When compliance with the law and morally acceptable behaviour are two different things, we have taxing questions to address, says Mallen Baker

Activist group the Tax Justice Network has secured a legal opinion in the UK stating that companies can’t claim it is their “fiduciary duty” to avoid tax. This, apparently, was a major response to the recent criticisms of high profile corporations such as Google and Starbucks that they paid too little.

I’ve read a few right-wing commentators who trot out the old line that “directors don’t own the assets of the company, and they can’t give them away”. I wasn’t aware many chief executives genuinely believed this, but if they do then it is a wider conversation than just tax.

It is one of those misconceptions that have often dogged the debate around the take-up of corporate responsibility.

The starting point is that there is actually no fiduciary duty to maximise returns to shareholders. Chief executives may come under pressure to generate short-term results, and they may find themselves in a precarious position if they fail to deliver. But that is not the same thing as a legal duty.

Fiduciary duties are really intended to avoid conflicts of interest between the personal benefit of executives and the interests of shareholders. Courts tend to uphold these duties when it has been shown that a director took rewards to which they were not entitled, or which were otherwise not disclosed.

This is an important distinction, because not only is the target of maximising returns to shareholders not a legal duty – it’s also a pretty dumb objective.

Companies that have performed best in building the value of the company have tended to focus on building great products, or otherwise pursuing a mission that gives a purpose beyond profit. Those whose missions focus on maximising profit have historically been poor at achieving them.

Not only that, but all companies seeking exceptional returns, rather than simply a fair return, is what has led us into an increasingly precarious situation. It has fed consumption, as companies find new ways to get more life out of already-saturated markets. It led the formerly “safe and boring” industry of banking into risky investments the consequences of which will be with us for some time to come.

Everyone above average?

If all companies are told they must achieve above-average returns, that has a guaranteed built-in failure mechanism for half of all companies – by dint of the definition of the word “average”.

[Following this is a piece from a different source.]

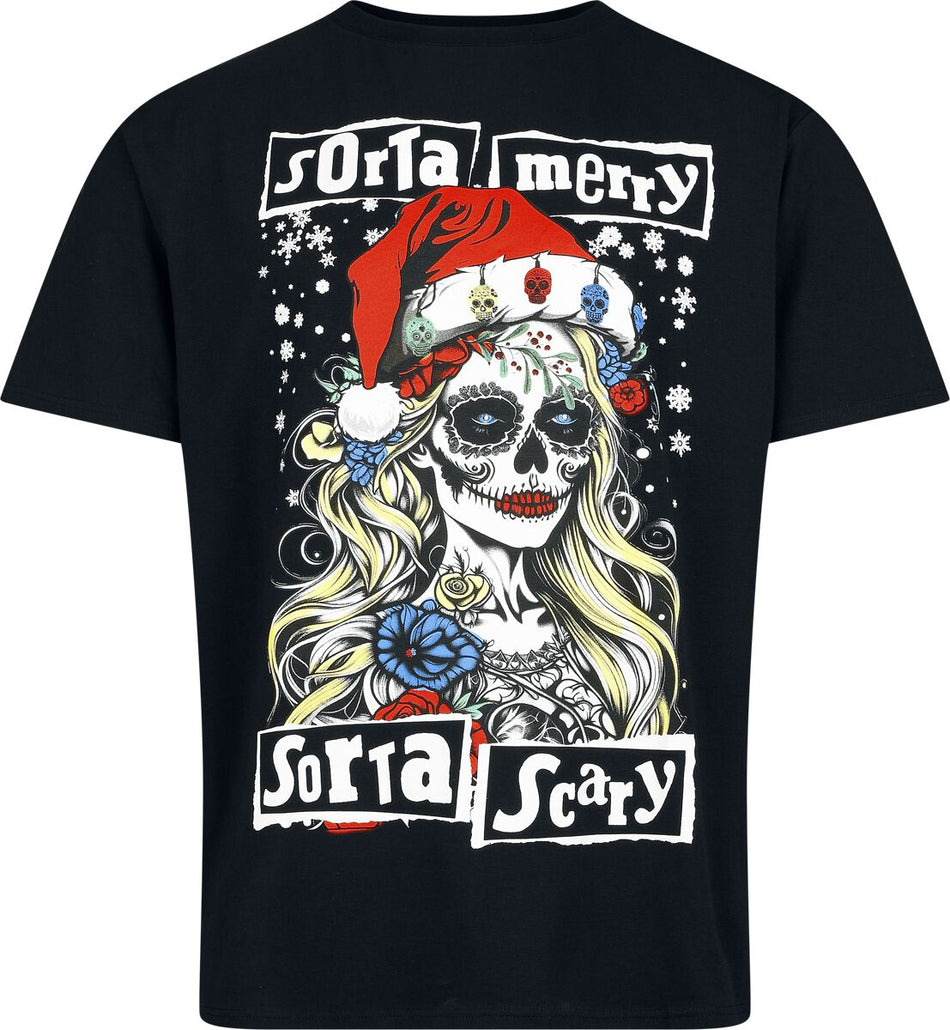 T-Shirt Manches courtes  de Collection Spéciale EMP - Noël - M à XXL - pour Homme - noir - Collection Spéciale EMP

And it becomes an upward spiral that leads more and more companies to cheat, and to find tricks to give the illusion of value. And these things are all destructive to real economic stability and social value.

So it’s not a surprise that companies ended up wandering so far over the line in terms of attempting to pay as little tax as possible when motivated by this zero-sum game.

But where exactly is the line between legal and illegal? Campaigners are blasé about how easy it is to identify it, but it really isn’t.

After all, we want successful businesses to create wealth and employment – hopefully in an increasingly sustainable way.

So we want those companies to make profits, and to feed some of those profits into investment for future solutions and development.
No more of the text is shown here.